A few highlights of how the book “Cayendo Hacia Arriba” was made.
Here is my new book on the floor of the print shop waiting to be bound. It’s the Spanish edition of the kid’s book, “Falling Uphill: The Secret of Life.” I needed to hover over the guys at the print shop because it just wasn’t getting done on schedule. Aah! And the books need to be on an airplane to Argentina the next day! But luckily, it made a fun trip for me. I got to take some photos and videos. And, I loved watching the book come together. There was a team of people working on it. One lady had the job to make sure none of the pages were upside down.
Would you believe they printed enough for 250 extra books just in case there is a mistake in the binding?
At the beginning of the video below, you can see the book at the printer as it is coming off the printing press.
The back cover
The back cover uses the photograph from the original English edition of “Falling Uphill: The Secret of Life.” We wanted to recreate this image in Argentina, but since we went to 14 schools and an orphanage, we couldn’t get enough people in one spot. The above picture has over 500 people in it.

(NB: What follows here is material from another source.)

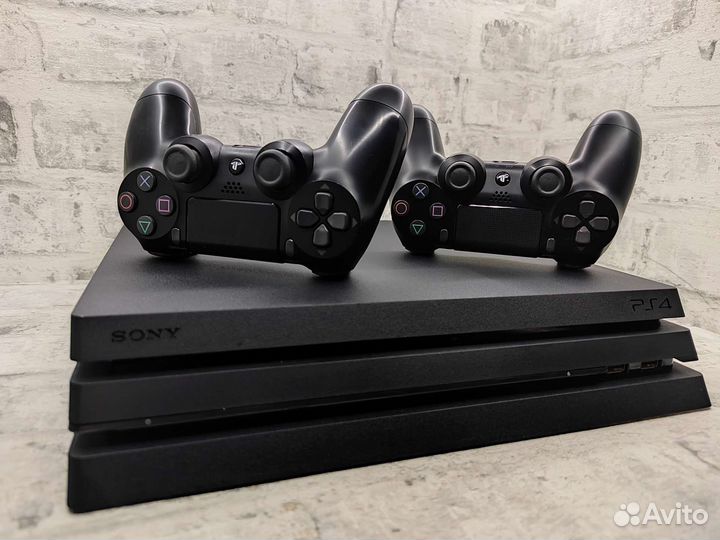 Sony PS4 Pro +2 Джойстика+ 5 игр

Here is the full story of how the school photograph in the shape of a bicycle was made.
And here is a step-by-step guide to how the books are made.

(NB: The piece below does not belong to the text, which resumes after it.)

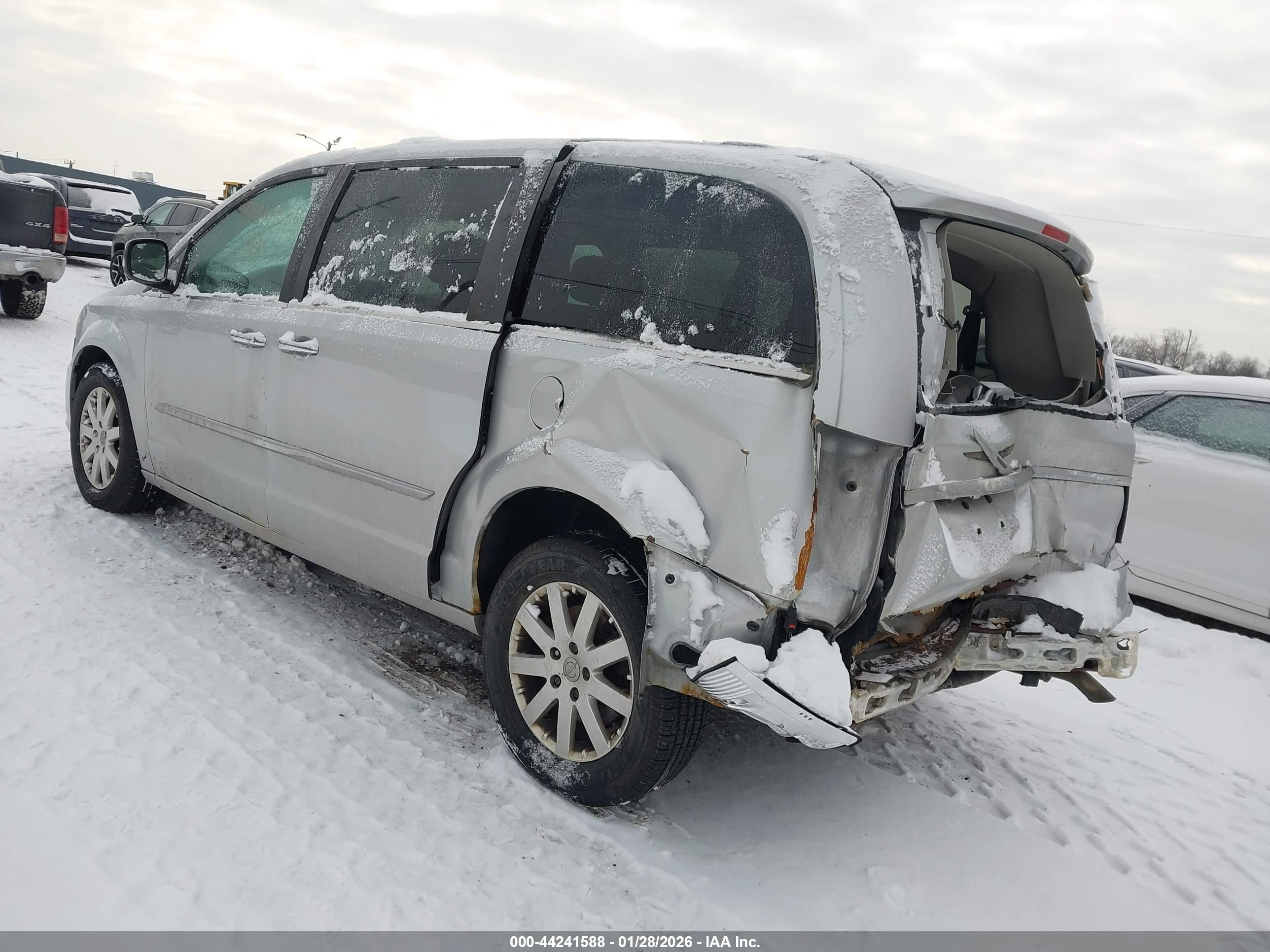 CHRYSLER TOWN image 3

How the book was illustrated
Each school worked differently. Below the students worked in groups on the floor. We brought our own pencils, erasers, markers and paper because some of the schools we attended were very poor. I actually brought a whole box of supplies with me from the United States. Looking back, I wish I had brought even more.
I liked how the teachers, the “maestros”, and the students wore white coats, like scientists. I’m taking this photograph. I hardly took any photographs because I was asked to work with the students, which is, of course, why I was there.
The above photograph is one of my favorites. I selected this to be in the book. It is one of the pages that shows the cultural differences between the English and Spanish versions of the book. You can see it is an image of a football (soccer) player and a tango dancer, two icons of Argentine culture.